■ Data to use ■

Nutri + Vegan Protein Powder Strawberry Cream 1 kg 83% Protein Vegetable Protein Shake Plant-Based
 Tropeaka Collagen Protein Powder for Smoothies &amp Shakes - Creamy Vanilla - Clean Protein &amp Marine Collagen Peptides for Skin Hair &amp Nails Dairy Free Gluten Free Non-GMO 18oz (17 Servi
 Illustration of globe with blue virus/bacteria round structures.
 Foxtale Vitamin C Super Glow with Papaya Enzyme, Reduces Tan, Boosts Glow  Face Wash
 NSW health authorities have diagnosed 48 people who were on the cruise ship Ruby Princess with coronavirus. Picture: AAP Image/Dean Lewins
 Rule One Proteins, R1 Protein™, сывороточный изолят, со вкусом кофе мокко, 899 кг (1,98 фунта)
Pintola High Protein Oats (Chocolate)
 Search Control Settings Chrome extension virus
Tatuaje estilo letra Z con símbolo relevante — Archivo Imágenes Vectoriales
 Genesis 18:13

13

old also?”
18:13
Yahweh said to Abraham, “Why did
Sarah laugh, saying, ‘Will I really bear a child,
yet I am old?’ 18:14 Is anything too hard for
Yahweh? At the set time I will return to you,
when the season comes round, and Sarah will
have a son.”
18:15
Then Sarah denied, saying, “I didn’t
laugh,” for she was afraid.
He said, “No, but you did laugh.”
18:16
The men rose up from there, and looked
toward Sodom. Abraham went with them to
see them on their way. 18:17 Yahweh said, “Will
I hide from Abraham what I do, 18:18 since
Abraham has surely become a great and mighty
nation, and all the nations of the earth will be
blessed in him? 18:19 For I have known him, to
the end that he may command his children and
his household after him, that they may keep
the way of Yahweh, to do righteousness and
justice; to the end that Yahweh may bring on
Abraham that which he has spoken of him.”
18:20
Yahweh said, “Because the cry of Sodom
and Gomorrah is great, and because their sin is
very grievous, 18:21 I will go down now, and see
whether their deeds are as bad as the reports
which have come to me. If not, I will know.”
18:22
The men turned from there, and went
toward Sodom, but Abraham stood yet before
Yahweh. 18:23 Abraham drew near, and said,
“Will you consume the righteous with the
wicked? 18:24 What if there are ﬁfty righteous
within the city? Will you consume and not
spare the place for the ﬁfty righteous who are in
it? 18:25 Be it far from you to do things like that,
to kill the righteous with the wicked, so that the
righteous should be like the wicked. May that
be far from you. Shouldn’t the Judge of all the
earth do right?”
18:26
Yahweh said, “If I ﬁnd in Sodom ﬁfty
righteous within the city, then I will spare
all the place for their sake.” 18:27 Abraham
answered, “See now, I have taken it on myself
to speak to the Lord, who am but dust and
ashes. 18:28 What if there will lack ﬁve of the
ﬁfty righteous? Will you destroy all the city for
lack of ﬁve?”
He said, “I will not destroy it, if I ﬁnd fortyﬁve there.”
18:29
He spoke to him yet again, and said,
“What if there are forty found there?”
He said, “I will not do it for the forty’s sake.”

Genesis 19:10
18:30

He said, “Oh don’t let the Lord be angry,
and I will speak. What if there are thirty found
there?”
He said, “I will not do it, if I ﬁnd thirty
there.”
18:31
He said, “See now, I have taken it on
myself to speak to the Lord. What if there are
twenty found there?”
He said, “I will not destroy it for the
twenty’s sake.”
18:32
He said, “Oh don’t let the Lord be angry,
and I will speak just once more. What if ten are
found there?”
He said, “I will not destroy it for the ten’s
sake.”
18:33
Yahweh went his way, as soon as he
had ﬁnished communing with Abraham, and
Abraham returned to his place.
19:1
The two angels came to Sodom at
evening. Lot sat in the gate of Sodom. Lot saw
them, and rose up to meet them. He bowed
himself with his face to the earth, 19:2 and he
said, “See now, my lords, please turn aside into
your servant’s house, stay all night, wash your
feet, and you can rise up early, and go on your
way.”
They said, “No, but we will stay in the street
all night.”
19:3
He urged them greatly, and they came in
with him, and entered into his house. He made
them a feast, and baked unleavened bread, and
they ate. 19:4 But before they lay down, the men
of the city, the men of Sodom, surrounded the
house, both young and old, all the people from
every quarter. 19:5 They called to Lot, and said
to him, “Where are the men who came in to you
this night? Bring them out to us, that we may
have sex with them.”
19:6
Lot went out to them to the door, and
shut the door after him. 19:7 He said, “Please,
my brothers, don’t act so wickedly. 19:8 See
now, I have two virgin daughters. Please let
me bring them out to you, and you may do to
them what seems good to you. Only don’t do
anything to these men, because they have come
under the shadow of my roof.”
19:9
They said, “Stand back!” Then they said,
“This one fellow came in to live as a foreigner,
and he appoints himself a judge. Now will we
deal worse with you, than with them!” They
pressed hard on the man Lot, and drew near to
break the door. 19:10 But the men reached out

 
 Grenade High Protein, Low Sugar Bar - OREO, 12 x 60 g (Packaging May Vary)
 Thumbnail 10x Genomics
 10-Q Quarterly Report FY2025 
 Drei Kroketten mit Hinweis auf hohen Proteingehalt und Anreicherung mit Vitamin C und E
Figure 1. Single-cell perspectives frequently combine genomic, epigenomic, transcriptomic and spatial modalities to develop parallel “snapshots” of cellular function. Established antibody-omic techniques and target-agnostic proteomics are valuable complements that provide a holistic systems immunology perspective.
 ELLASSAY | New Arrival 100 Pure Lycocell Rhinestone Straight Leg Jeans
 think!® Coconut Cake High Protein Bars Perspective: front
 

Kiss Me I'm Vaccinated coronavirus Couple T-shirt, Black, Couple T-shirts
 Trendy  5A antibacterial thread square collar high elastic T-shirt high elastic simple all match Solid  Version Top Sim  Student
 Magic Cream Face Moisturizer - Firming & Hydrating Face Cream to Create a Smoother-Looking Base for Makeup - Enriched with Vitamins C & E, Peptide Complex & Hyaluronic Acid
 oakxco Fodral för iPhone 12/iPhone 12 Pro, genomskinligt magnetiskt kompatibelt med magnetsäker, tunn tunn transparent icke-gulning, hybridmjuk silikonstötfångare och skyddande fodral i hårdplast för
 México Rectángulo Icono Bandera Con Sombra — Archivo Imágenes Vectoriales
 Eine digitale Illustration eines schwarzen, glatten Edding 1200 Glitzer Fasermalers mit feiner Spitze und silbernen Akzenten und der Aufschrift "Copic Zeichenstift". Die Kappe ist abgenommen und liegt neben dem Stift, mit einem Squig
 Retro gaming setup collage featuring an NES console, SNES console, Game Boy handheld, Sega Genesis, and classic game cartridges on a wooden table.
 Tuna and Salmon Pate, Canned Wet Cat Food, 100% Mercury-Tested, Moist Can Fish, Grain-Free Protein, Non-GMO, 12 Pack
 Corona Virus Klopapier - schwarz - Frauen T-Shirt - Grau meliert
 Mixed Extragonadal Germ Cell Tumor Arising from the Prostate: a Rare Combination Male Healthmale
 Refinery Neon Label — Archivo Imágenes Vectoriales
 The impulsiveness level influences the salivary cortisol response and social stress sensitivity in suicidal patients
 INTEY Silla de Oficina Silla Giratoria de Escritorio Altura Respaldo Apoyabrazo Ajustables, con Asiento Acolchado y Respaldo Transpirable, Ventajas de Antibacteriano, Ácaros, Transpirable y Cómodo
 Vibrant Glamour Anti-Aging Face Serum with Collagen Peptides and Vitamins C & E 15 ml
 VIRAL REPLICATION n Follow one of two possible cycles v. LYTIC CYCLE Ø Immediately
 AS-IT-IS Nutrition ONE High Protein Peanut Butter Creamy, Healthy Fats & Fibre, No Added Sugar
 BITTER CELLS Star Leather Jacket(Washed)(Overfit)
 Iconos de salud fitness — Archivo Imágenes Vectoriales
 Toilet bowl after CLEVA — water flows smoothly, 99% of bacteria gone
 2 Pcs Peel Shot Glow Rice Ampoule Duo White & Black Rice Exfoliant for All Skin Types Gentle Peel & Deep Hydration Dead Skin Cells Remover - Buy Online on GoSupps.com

■ What the exercise asks ■
In the records above, find the line with "10-Q Quarterly Report FY2025"; write out exactly that line and each one after it, stopping after the line with "5A antibacterial thread".

■ Answer space ■
 10-Q Quarterly Report FY2025 
 Drei Kroketten mit Hinweis auf hohen Proteingehalt und Anreicherung mit Vitamin C und E
Figure 1. Single-cell perspectives frequently combine genomic, epigenomic, transcriptomic and spatial modalities to develop parallel “snapshots” of cellular function. Established antibody-omic techniques and target-agnostic proteomics are valuable complements that provide a holistic systems immunology perspective.
 ELLASSAY | New Arrival 100 Pure Lycocell Rhinestone Straight Leg Jeans
 think!® Coconut Cake High Protein Bars Perspective: front
 

Kiss Me I'm Vaccinated coronavirus Couple T-shirt, Black, Couple T-shirts
 Trendy  5A antibacterial thread square collar high elastic T-shirt high elastic simple all match Solid  Version Top Sim  Student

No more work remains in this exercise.